Unraveling the acoustic biomarkers of COVID-19
Speaker：Sriram Ganapathy（ http://www.leap.ee.iisc.ac.in/sriram/）
Associate Professor at Indian Institute of Science Bangalore Learning and Extraction of Acoustic Patterns (LEAP) lab
The COVID-19 induced pandemic of the last 30 months needs no introduction. The efforts to deal with the pandemic have been truly global, including identification of the genomic patterns, developing models of disease progression, vaccination, drugs and testing. This talk will focus on the testing part, where there is a persistent need for testing methodologies that provide a good trade-off between accuracy, cost, time and scale. The audio-based testing of COVID-19 has the potential of a niche tool that combines the advantages of being remote, inexpensive, scalable and rapid. Motivated by this goal, several groups across the world have attempted to develop protocols, datasets, and machine learning methodologies. This talk will provide a brief motivation and overview of the works performed by various groups for the task of identifying audio-based biomarkers of COVID-19. I will discuss our work, Project Coswara, a tool for COVID-19 diagnostics using crowd-sourced multi-modal data. The rationale for the project, the data collection and the development of the web-based tool will be highlighted. The machine learning aspects of the tool development, including generalization to new variants of COVID-19 and the fairness analysis of the models developed will be presented. The talk will also summarize the findings from the series of data challenges, named DiCOVA (Diagnosis of COVid-19 using Audio), organized using the data collected as part of the project.

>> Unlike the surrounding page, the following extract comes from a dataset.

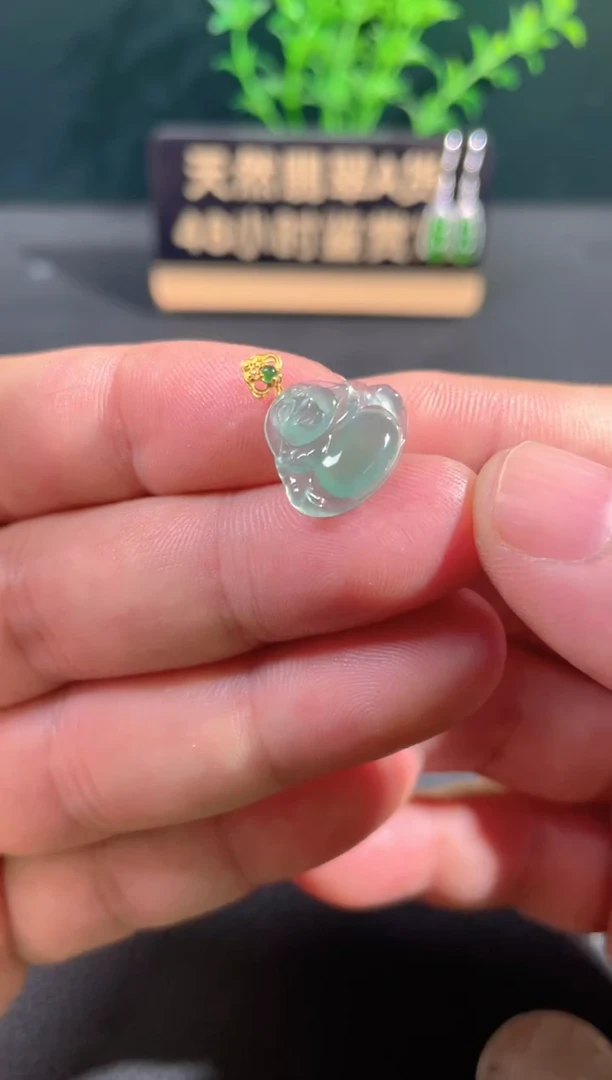 【闪购商品】翡翠颈饰18K金镶嵌翡翠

Speech Emotion Recognition: Challenges, Approaches and Future Directions
Speakers：Longbiao Wang and Xixin Wu
Speech emotion recognition (SER) is an important technique for graceful speech-based human-machine interaction. Though the task is quite challenging, SER has attracted much research attention and achieved great progresses over the past decades. Many application scenarios have been explored and demonstrated value of the technique. This tutorial will describe the challenges of the SER problem and provide an overview of recent advances in SER where signal processing and machine learning techniques are fused to obtain significant improvement and shed new insights. Exemplary approaches, including feature extraction, representation learning and model architectures, will be illustrated in a hope to get some inspiration for the future research. Some interesting questions that need further investigation will also be highlighted.